Things I won't be talking about in my Edinburgh show:
1. Gay bus drivers.
2. People who walk slow then fast.
3. Non Gay Bus drivers.
5. A street piss that looked like a shadow of a ghost.
6. Sharks in the distance that turn out to be lies.
Things I intend to talk about in my Edinburgh show.
1. Non Bus Drivers.
2. Gambling with other people's vital organs and/or cash.
*Disclaimer - please bear in mind that it cannot be guaranteed that any item featured on the list will or will not appear in my show or any other show at the Festival.
It is tres importante (French) that comedians pack the correct equipment in order to survive the Edinburgh Festival, it is only a month long, but can sometimes feel up to three days longer than that.
1. Condoms (x100)
2. More condoms (x20) (these are to use as currency with locals)

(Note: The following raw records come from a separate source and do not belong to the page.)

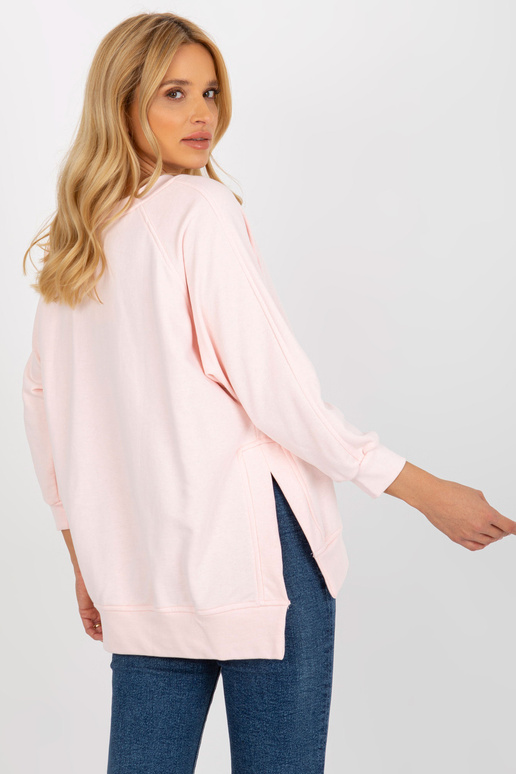 Světle růžová mikina basic klokanka s... Světle růžová mikina basic klokanka s...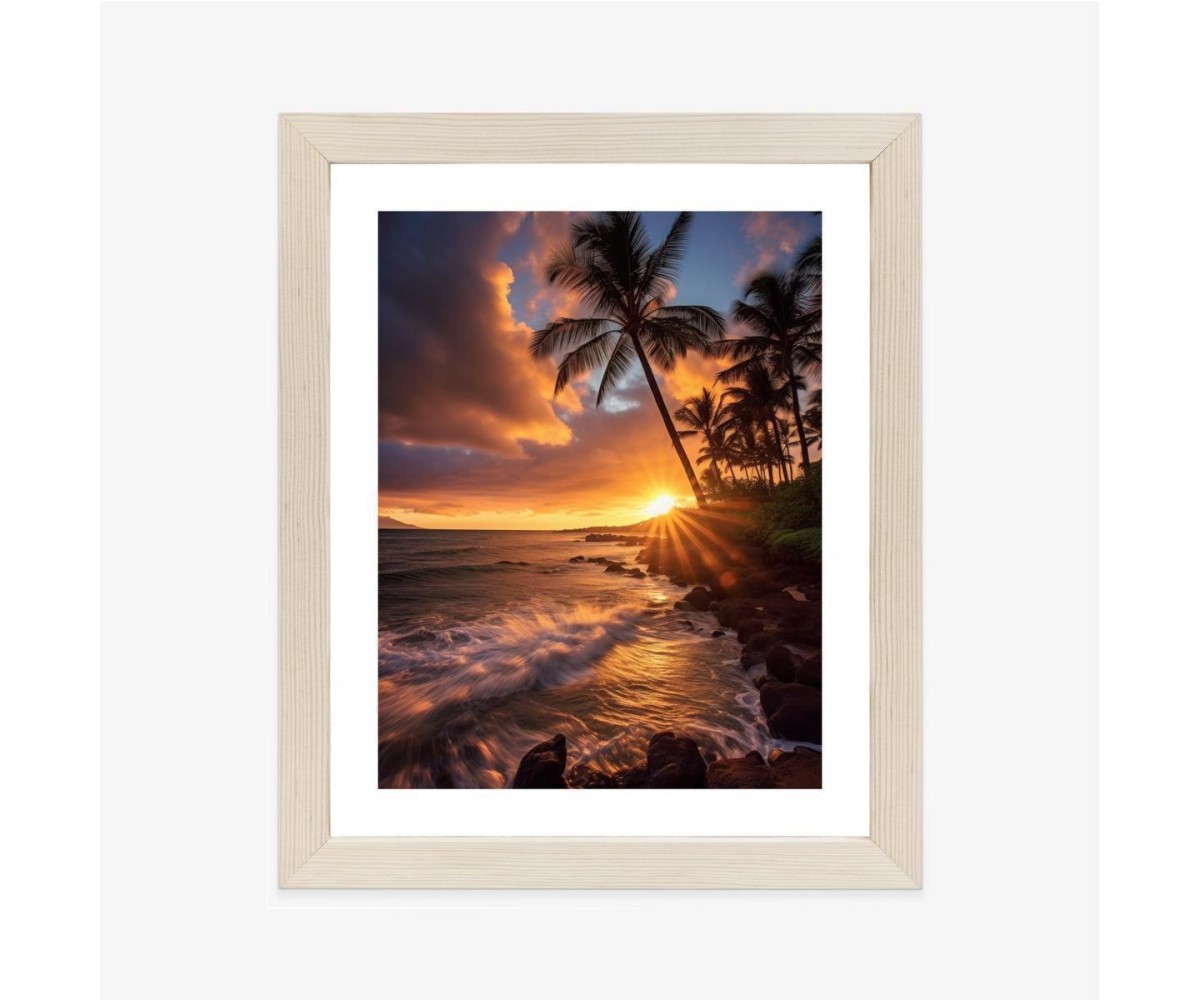 Poster Tropische Insel Mit Palmen Und Sonnenuntergang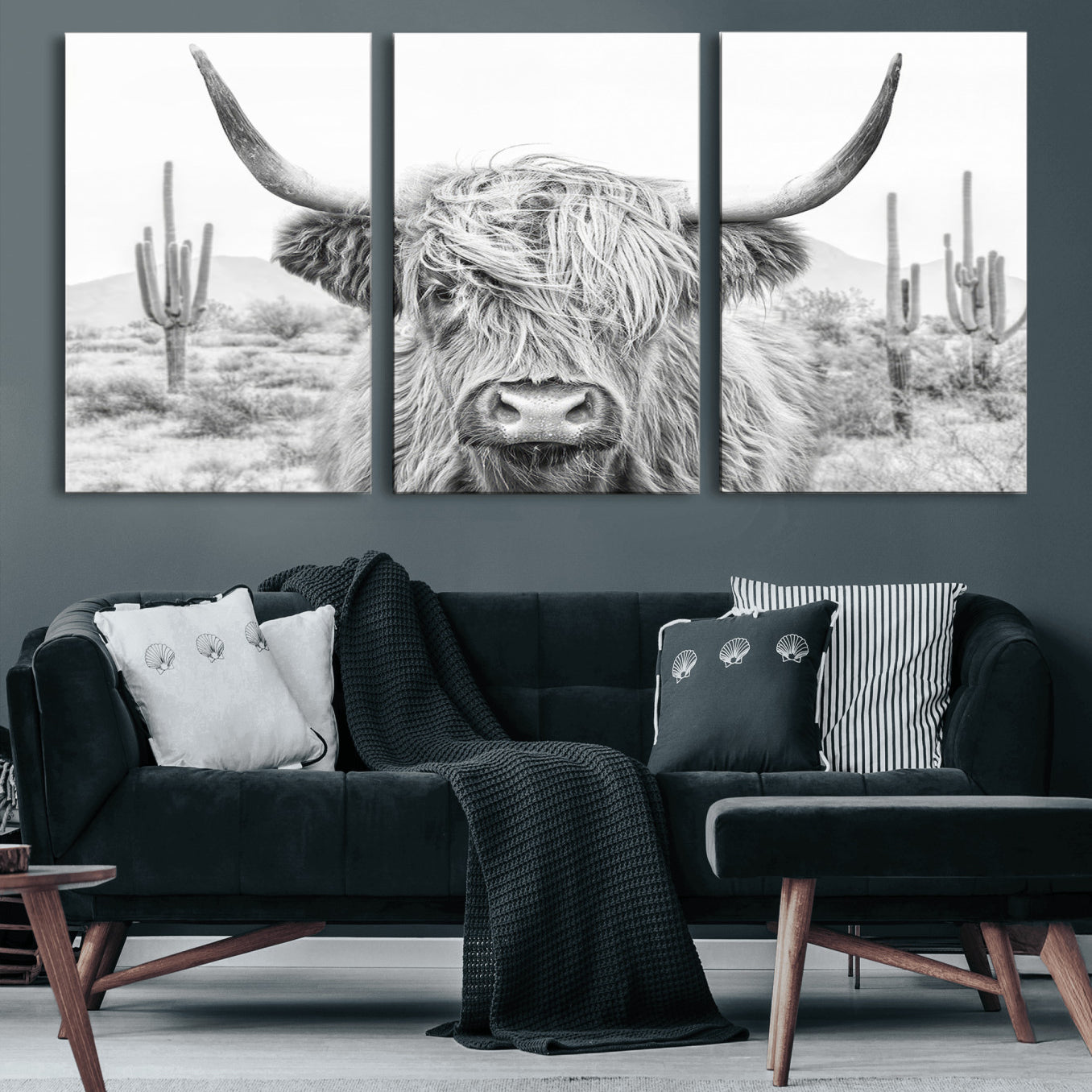 94579-MGV-CV-60X30-3P-Rustic Charm | Cow Longhorn Black White Bighorn Wall Art Canvas Print | Farmhouse Wall Art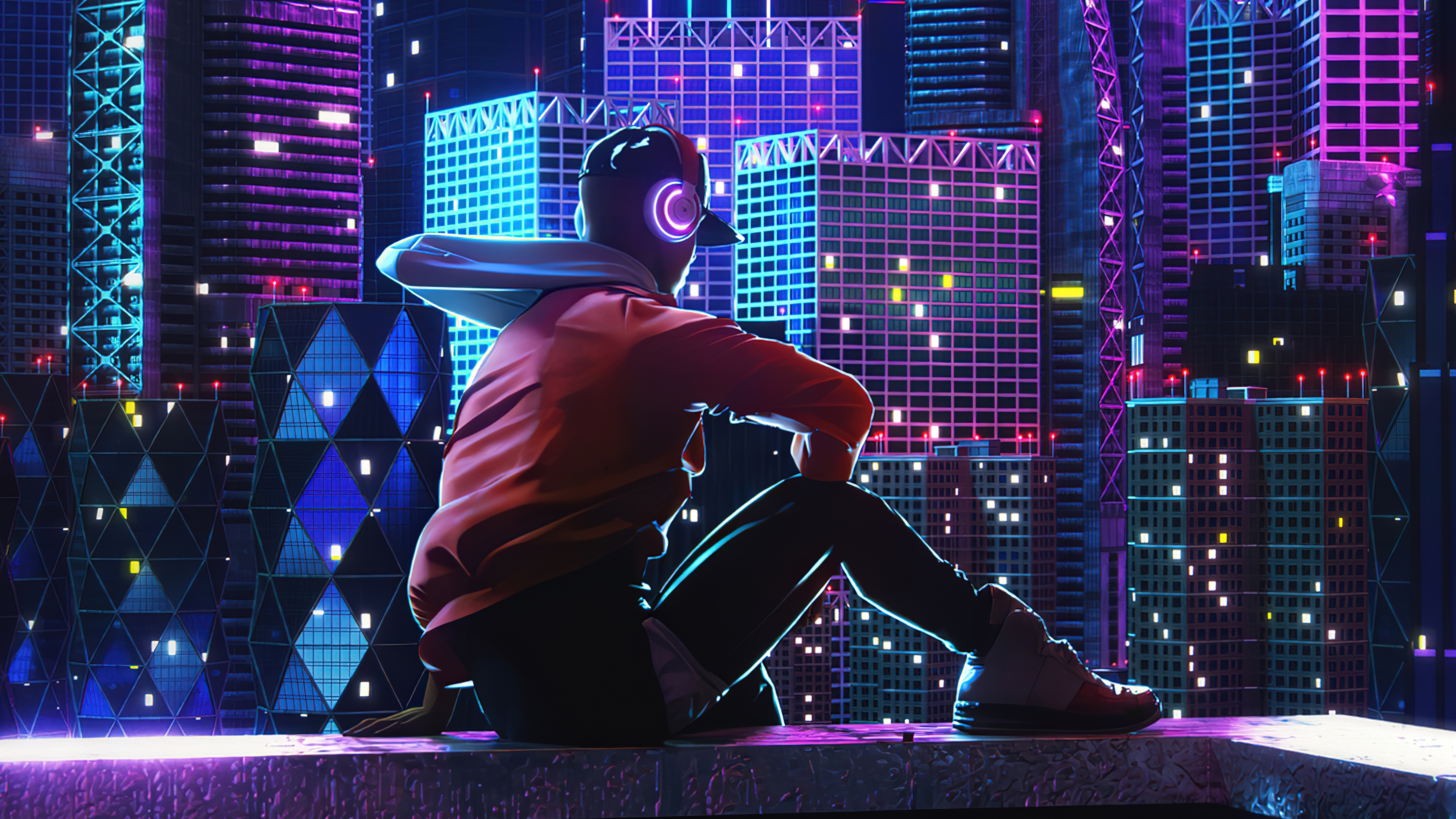 Person with headphones overlooking neon city at night 4K HD Wallpaper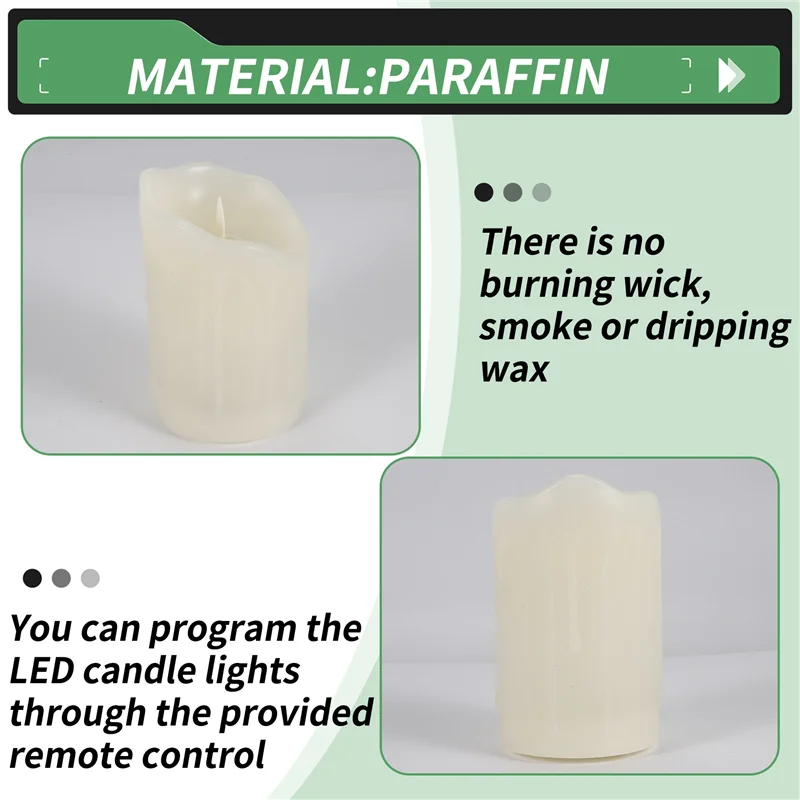 

A70P LED Candles, Flickering Flameless Candles,Rechargeable Candle, Real Wax Candles With Remote Control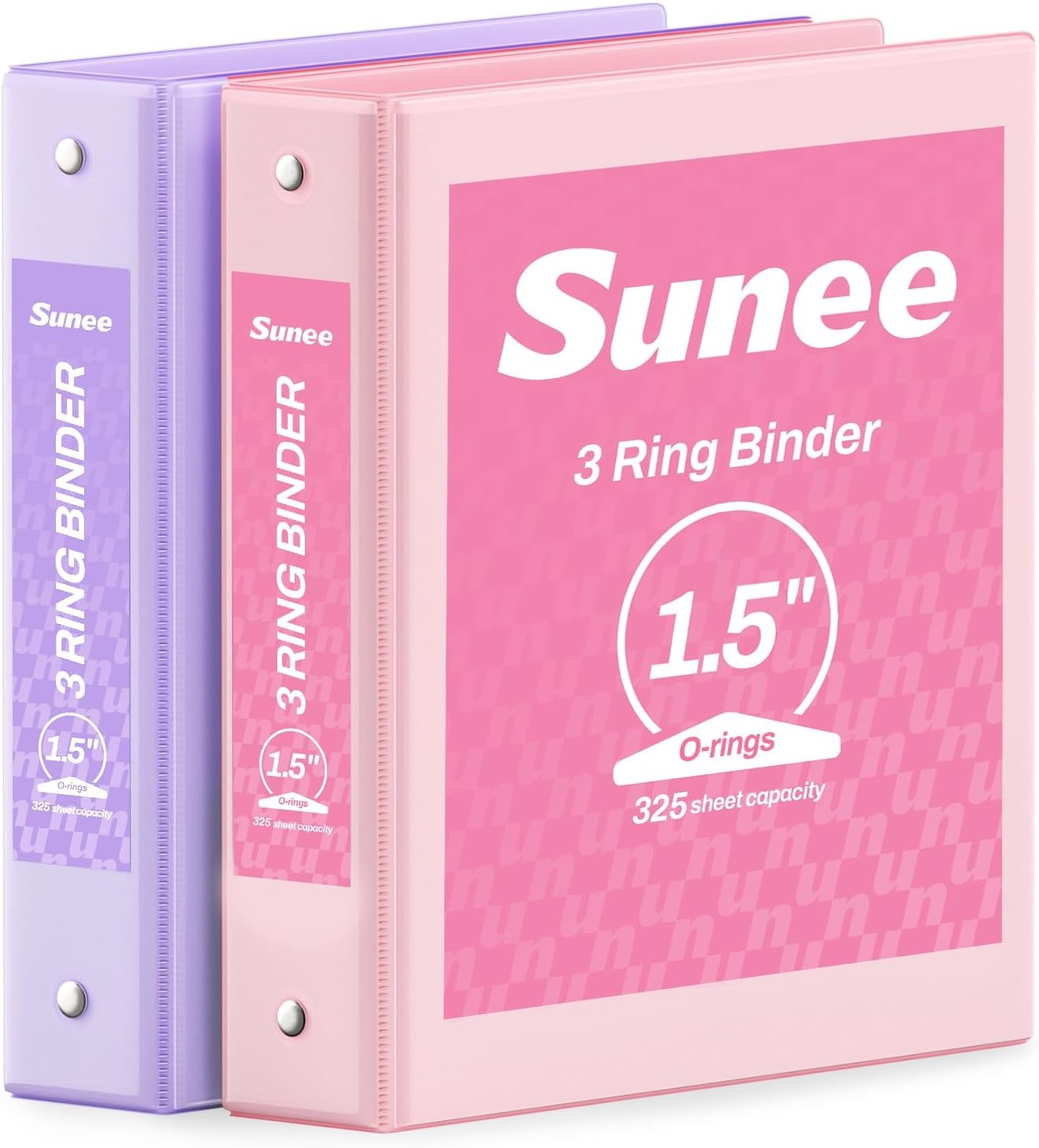 image:imageSUNEE 3 Ring Binder 15 Inch 2 Pack Clear View Binder Three Ring PVCFree Fit 85x11 Inches for School or Office Supplies YellowPink Purple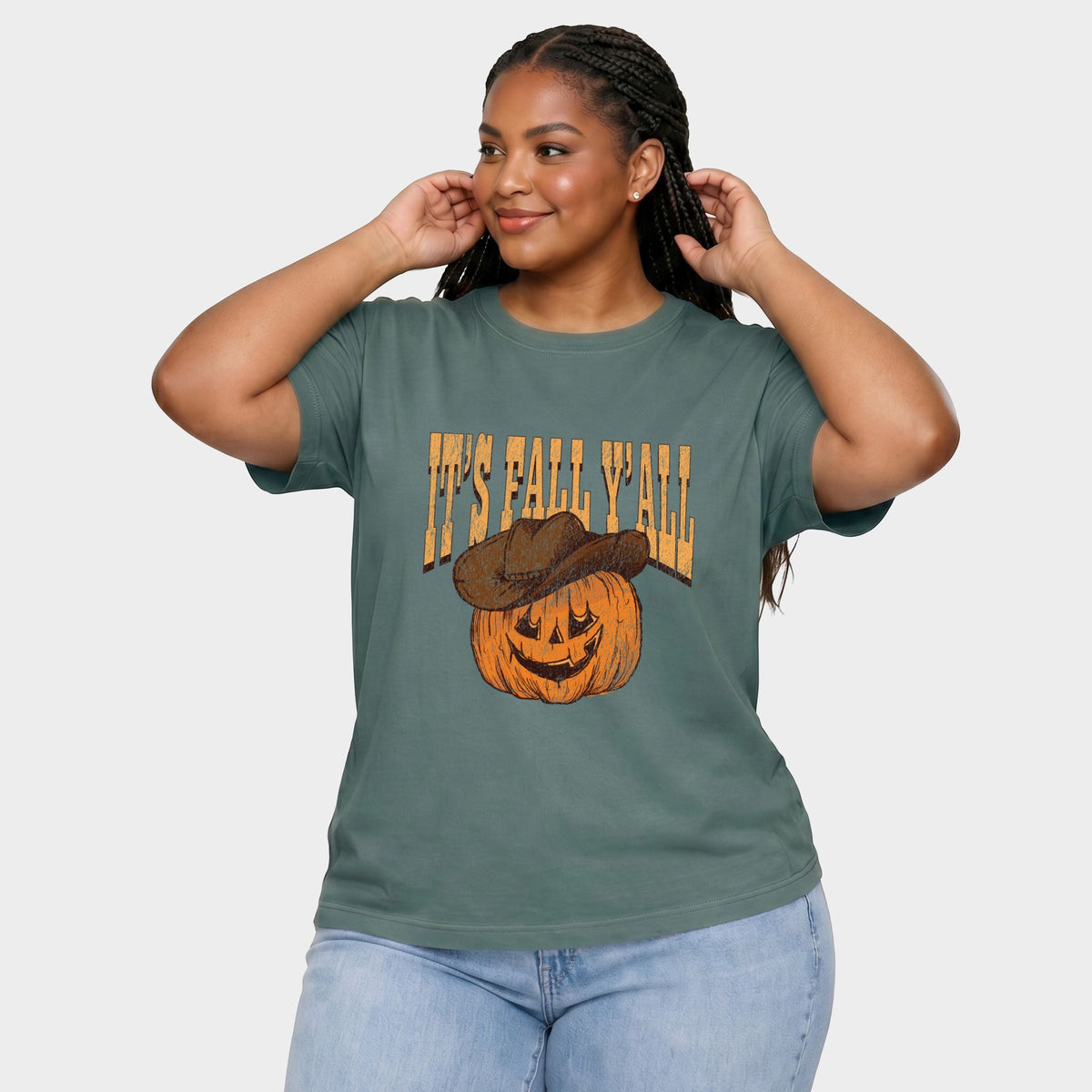 It's Fall Y'all Jack-O-Lantern - Women's Plus Sized Garment Dyed Graphic T-Shirt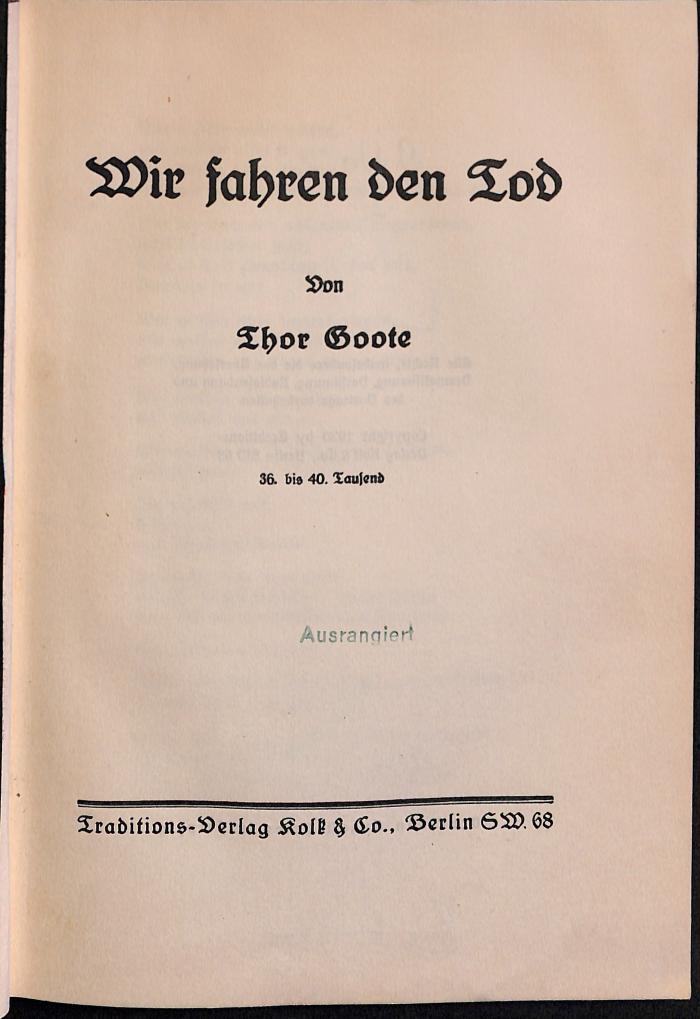 NS-G-129A : Wir fahren den Tod (1930)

3. A mirror (can be used to help to deflate ego).
4. Vegetables (sparse)
5. Bus driver's uniform. (Gay or UnGay)
6. Two copies of 'Pirates of the Caribbean'. (One for Saturdays, the other for during the week).
*Disclaimer: This is not a disclaimer.
If you have got this far, there may be something wrong with you. I like to think we could one day become friends. You'd be scared at first but in the long run in it would work out.
*Disclaimer: There is no meaning or point to any of the above words, this is a thinly veiled attempt at publicity to claw back thousands I will spend on performing a show. If I get three pounds out of this, it will have been worth it, less than three and this is a total waste of everyone's lives.